That said, contrary to his “cruel reputation” Blackbeard never harmed any of his hostages or killed unnecessarily. He would rather be cunning and play with his wits to have them surrender to him without much of a fight. For this, he spread a tale of terror and rumors of using black magic as well as voodoo.
And he indeed played the part. He struck fear into the heart of his enemies by using his appearance to his advantage. He dressed in knee-high boots, dark robes, and a red coat that looked like he was covered in the flames of hell itself. He would appear in a ship with a cloud of smoke, created by lit fuses in his beard. Daggers, knives, and guns were strapped to his chest. Just that itself and the sight of his massive ship were enough for his enemies to willingly surrender their ship and its treasures to him. No one was brave enough to stand against the might of Blackbeard.
Discovery of Queen Anne’s Revenge
The Queen Anne’s Revenge went aground in 1718 in North Carolina. Some say that it was intentionally done by Blackbeard as a distraction so he could escape. It lay there undisturbed and unknown for almost 300 years until it was discovered in 1996 by Intersal Inc.

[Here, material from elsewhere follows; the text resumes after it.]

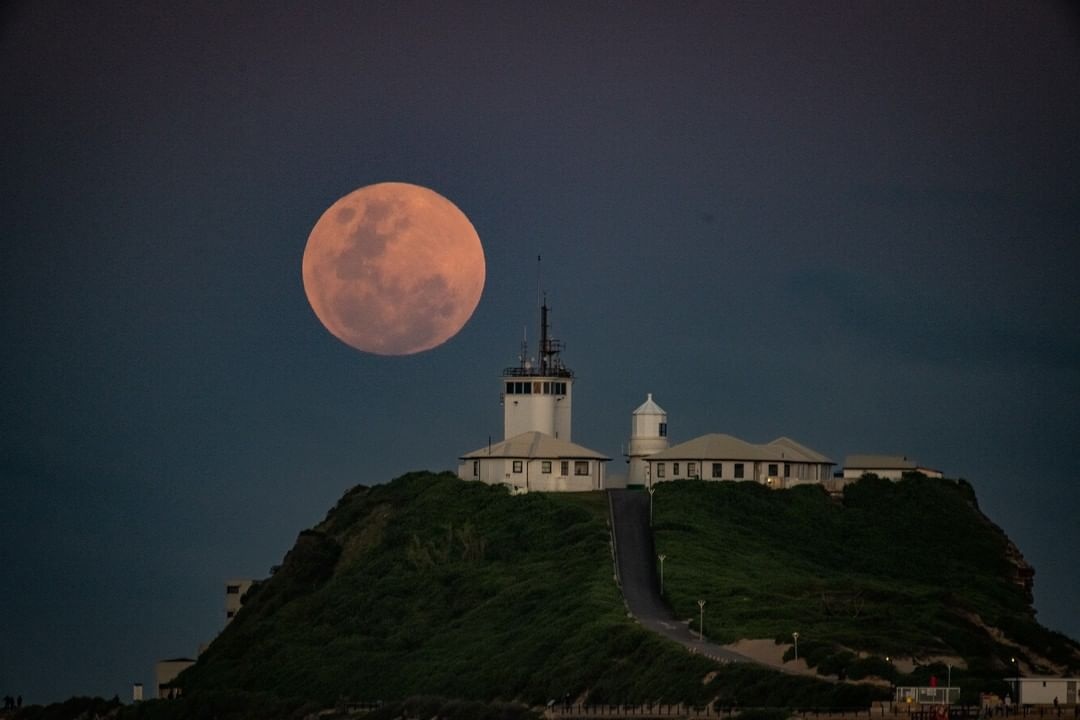 Nguoi dan khap the gioi chiem nguong 'Trang mau' hinh anh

Archeological divers from the North Carolina Department of Natural and Cultural Resources began excavating the wreck. Cannons, anchors, the size of the ship, its design and collection as well as its location confirmed that it was indeed Blackbeard’s ship. Till now, around 400,000 artifacts have been raised from the site.
See the Relics
Currently, pirate fans can see the incredible relics of Queen Anne’s Revenge including its cannons and guns that made sailors quiver and surrender without even thinking about a confrontation.

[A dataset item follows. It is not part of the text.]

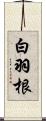 白羽根 Scroll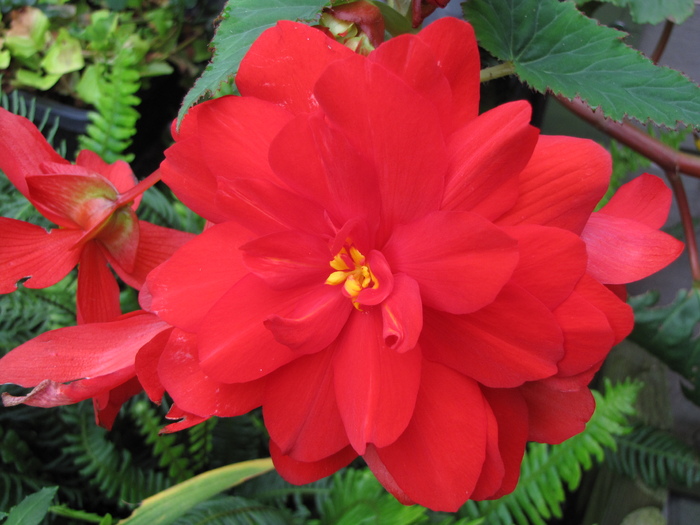 Begonia Pendula rosie 21 aug 2010 - begonii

All of the artifacts from the wreck are on display at N.C. Maritime Museum in Beaufort, Graveyard of the Atlantic Museum in Hatteras, N.C. Museum of History in Raleigh, the Museum of the Albemarle in Elizabeth City, and the Smithsonian Institution in Washington, D.C.
The exhibits are free and offer great insights to the pirate and his life.
Dive to the Shipwreck
Although exploring the shipwreck is not permissible to travelers, according to some blogs and divers, with an advanced open water scuba certification and special permission from the state this could be possible given a valid reason.
Divingblog.com had mentioned that it’s a two-day activity with the first day explaining the wreck and coveying its historical, archeological, and ecological importance. The second day includes diving to the wreck where divers can touch and feel what was once a fearsome ship that conquered the seas.
So whether you plan to dive into the shipwreck or see the relics in the museums, there is no doubt that for those moments you will be part of Blackbeard’s pirate crew and his terrifying Queen Anne’s Revenge.